Dataset records:
※

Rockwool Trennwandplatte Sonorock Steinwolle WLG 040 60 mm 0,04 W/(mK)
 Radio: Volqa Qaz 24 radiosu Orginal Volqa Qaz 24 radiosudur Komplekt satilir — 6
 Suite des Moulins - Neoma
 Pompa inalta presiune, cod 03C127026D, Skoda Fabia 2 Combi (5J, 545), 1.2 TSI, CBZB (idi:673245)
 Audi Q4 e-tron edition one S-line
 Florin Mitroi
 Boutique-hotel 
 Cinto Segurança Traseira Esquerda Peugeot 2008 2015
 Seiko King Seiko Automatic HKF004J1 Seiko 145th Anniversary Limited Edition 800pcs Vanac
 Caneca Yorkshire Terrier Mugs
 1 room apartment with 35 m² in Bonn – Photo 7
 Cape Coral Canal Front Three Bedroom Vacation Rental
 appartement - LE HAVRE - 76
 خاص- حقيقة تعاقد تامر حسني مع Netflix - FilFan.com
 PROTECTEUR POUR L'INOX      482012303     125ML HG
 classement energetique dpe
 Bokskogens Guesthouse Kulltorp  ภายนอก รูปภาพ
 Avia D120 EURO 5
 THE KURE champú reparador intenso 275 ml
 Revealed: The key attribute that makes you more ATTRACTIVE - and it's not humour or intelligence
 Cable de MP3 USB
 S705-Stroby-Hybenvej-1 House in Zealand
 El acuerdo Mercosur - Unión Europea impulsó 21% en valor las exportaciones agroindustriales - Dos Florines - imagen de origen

※

Exercise brief: Set out every record in full, exactly as given.

Task output:
Rockwool Trennwandplatte Sonorock Steinwolle WLG 040 60 mm 0,04 W/(mK)
 Radio: Volqa Qaz 24 radiosu Orginal Volqa Qaz 24 radiosudur Komplekt satilir — 6
 Suite des Moulins - Neoma
 Pompa inalta presiune, cod 03C127026D, Skoda Fabia 2 Combi (5J, 545), 1.2 TSI, CBZB (idi:673245)
 Audi Q4 e-tron edition one S-line
 Florin Mitroi
 Boutique-hotel 
 Cinto Segurança Traseira Esquerda Peugeot 2008 2015
 Seiko King Seiko Automatic HKF004J1 Seiko 145th Anniversary Limited Edition 800pcs Vanac
 Caneca Yorkshire Terrier Mugs
 1 room apartment with 35 m² in Bonn – Photo 7
 Cape Coral Canal Front Three Bedroom Vacation Rental
 appartement - LE HAVRE - 76
 خاص- حقيقة تعاقد تامر حسني مع Netflix - FilFan.com
 PROTECTEUR POUR L'INOX      482012303     125ML HG
 classement energetique dpe
 Bokskogens Guesthouse Kulltorp  ภายนอก รูปภาพ
 Avia D120 EURO 5
 THE KURE champú reparador intenso 275 ml
 Revealed: The key attribute that makes you more ATTRACTIVE - and it's not humour or intelligence
 Cable de MP3 USB
 S705-Stroby-Hybenvej-1 House in Zealand
 El acuerdo Mercosur - Unión Europea impulsó 21% en valor las exportaciones agroindustriales - Dos Florines - imagen de origen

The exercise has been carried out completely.